Krishanprasad was so committed to the cause of traditional ways of farming and welfare of farmers that he went all around the world to learn how successfully such framing techniques could be implemented in his native state. It was during the course of his extensive travels that he bumped into bottle gourd art in Tanzania and Kenya. Caught by the fanciful designs, be brought back a few bottle gourd art forms and gifted them to his web designer wife Seema. That was the turning point. Seema took up the project in all seriousness and plunged into extensive research on the topic. Her study was an eye-opener in that while we have seen only a couple of bottle gourds in their long shapes, the world has more than a hundred different shapes and sizes of bottle gourds to offer. While some of them could be so small to just fit in your hands, others could be long enough to dangle down from ceiling hooks. Yet others look as dazzling as ivory or resemble musical instruments. There’s a medley of shapes to choose from. Most of these gourds are not edible as they come from within the deep forests, but their possibilities as art forms are unbelievable immense and awesome.

Seema got her first gourds from the interiors of Karnataka where farmers grew them extensively. But the seriousness of the art form dawned on her once she started working on the native gourds. This was no mean effort. The bottle gourd art forms from Africa were a combination of artistic finesse and painstaking effort.

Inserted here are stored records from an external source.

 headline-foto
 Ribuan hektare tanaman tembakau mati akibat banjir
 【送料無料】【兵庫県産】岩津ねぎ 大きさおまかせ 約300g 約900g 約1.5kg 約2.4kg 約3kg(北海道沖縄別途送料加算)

The design on each is determined by the thickness of each gourd. It calls for extreme care and skill to remove the filmy cover on the skin. More skill, patience and care are called for when etchings are made with the knife, drawings done and colours given.

It was her bottle gourd art forms that Seema gave away to all her friends who had come over when the couple moved into their new house. Awed by the beauty of the items, her friends placed orders for more such pieces and it was this defining moment that decided matters for her.

Today, Seema has her bottle gourd art unit in Vajamangala where anything and everything from ear studs, rings and table lamps are made. Farmers too from different parts of Karnataka have started chipping in by farming bottle gourds in different shapes and sizes, all for Seema. And they are happy to get more for the gourds as art forms than as vegetables.

As for Seema, she is one happy entrepreneur who has displayed her bottle gourd art at several venues and won plaudits for her attempt.